On the budget increase
To be clear, the increase from $6,500 to $9,000 is not something I’m pushing for. Some delegates raised the possibility of expanding scope, I agreed and engaged with that discussion in good faith. If there’s not enough support, I’m happy to move forward with the original $6,500 proposal. That was the original plan, and it still works perfectly.
On the sponsorship cost
For reference, the event’s deck lists the smallest sponsorship tier at $5,000 and the Tech Partner tier at $12,500. The opportunity to participate at a fraction of that comes from a relationship I’ve built over the years with the local Web3 community and with Jean Hansen through shared work in the community and mutual admiration. At $2,300 we’re already well below market. Offering $2,500 if we had a larger allocation was a gesture of goodwill toward a partner giving us favorable terms, not an exercise in inflating costs.

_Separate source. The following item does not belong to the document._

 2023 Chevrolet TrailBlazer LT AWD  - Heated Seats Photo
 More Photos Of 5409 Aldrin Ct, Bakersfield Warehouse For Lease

On the coordinator stipend
For context, @Kaf_Anode is spending roughly $400 on his event ticket, ~$500 on lodging, and ~$1,000 on flights, all out of pocket. Both of us will be investing significant time outside working hours, evenings and weekends, over a 25-day event. We’re both professionally accomplished with established careers. At $300 to $500, this doesn’t come close to compensating the time involved, and no one would coordinate ten similar events in a month to earn $3,000 to $5,000. I’ve kept it deliberately symbolic because the motivation here isn’t compensation, it’s contributing to something we believe in for the Collective. Realistically, $1,000 each would be fair, but it’s simply not viable to include that on top of a $6,500 proposal.
On the line-item breakdown
I’ve organized events and printed branded collateral before, so I have a reasonable sense of costs. But producing exact line items right now, banner dimensions, supplier quotes, per-unit printing costs, would be an exercise in fiction. The event runs for a month and is designed around spontaneity, adaptability, and building as it progresses. Attendee numbers aren’t final, mini-events often come together spontaneously during the village (sponsors ordering pizzas after a presentation, a breakfast meetup that wasn’t on the original schedule, a side event co-sponsored with another project mid-month). Practical steps like requesting brand assets from Rootstock Labs, sourcing suppliers, and confirming venue details are things I’d really rather execute afterwards, starting from the proposal approval, till the week before our presentation and happy hour.
I can break the budget down further if delegates feel strongly about it, but it would be estimates on top of estimates. I think the high-level allocation I’ve provided gives a clear picture of where the funds go, and the actual expenses will be refined closer to when they’re spent.